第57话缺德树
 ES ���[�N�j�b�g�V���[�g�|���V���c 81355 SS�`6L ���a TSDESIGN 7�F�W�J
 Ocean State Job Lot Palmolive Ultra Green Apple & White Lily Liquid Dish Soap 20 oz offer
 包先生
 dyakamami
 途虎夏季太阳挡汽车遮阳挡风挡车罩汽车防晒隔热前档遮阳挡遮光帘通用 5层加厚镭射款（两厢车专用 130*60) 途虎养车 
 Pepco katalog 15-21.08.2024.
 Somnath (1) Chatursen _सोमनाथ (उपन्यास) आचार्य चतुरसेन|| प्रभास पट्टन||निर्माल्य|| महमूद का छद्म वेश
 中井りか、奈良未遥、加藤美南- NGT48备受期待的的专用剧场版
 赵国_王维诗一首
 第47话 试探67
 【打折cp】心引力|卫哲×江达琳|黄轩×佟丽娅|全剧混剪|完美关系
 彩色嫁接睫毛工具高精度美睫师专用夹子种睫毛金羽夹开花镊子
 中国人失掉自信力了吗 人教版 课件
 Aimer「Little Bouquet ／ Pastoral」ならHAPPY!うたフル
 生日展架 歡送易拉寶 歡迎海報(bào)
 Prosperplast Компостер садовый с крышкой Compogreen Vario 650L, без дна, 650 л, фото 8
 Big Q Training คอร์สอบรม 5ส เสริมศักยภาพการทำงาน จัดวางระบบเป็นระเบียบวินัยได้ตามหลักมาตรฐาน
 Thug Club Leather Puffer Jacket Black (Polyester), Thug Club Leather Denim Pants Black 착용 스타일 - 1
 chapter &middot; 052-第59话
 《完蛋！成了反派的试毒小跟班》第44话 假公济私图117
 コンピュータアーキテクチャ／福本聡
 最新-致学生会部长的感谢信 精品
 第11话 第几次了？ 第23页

※ ※ ※

INSTRUCTIONS TO FOLLOW: What is needed is a word-for-word copy of the material above.

OUTPUT OF THE EXERCISE:
第57话缺德树
 ES ���[�N�j�b�g�V���[�g�|���V���c 81355 SS�`6L ���a TSDESIGN 7�F�W�J
 Ocean State Job Lot Palmolive Ultra Green Apple & White Lily Liquid Dish Soap 20 oz offer
 包先生
 dyakamami
 途虎夏季太阳挡汽车遮阳挡风挡车罩汽车防晒隔热前档遮阳挡遮光帘通用 5层加厚镭射款（两厢车专用 130*60) 途虎养车 
 Pepco katalog 15-21.08.2024.
 Somnath (1) Chatursen _सोमनाथ (उपन्यास) आचार्य चतुरसेन|| प्रभास पट्टन||निर्माल्य|| महमूद का छद्म वेश
 中井りか、奈良未遥、加藤美南- NGT48备受期待的的专用剧场版
 赵国_王维诗一首
 第47话 试探67
 【打折cp】心引力|卫哲×江达琳|黄轩×佟丽娅|全剧混剪|完美关系
 彩色嫁接睫毛工具高精度美睫师专用夹子种睫毛金羽夹开花镊子
 中国人失掉自信力了吗 人教版 课件
 Aimer「Little Bouquet ／ Pastoral」ならHAPPY!うたフル
 生日展架 歡送易拉寶 歡迎海報(bào)
 Prosperplast Компостер садовый с крышкой Compogreen Vario 650L, без дна, 650 л, фото 8
 Big Q Training คอร์สอบรม 5ส เสริมศักยภาพการทำงาน จัดวางระบบเป็นระเบียบวินัยได้ตามหลักมาตรฐาน
 Thug Club Leather Puffer Jacket Black (Polyester), Thug Club Leather Denim Pants Black 착용 스타일 - 1
 chapter &middot; 052-第59话
 《完蛋！成了反派的试毒小跟班》第44话 假公济私图117
 コンピュータアーキテクチャ／福本聡
 最新-致学生会部长的感谢信 精品
 第11话 第几次了？ 第23页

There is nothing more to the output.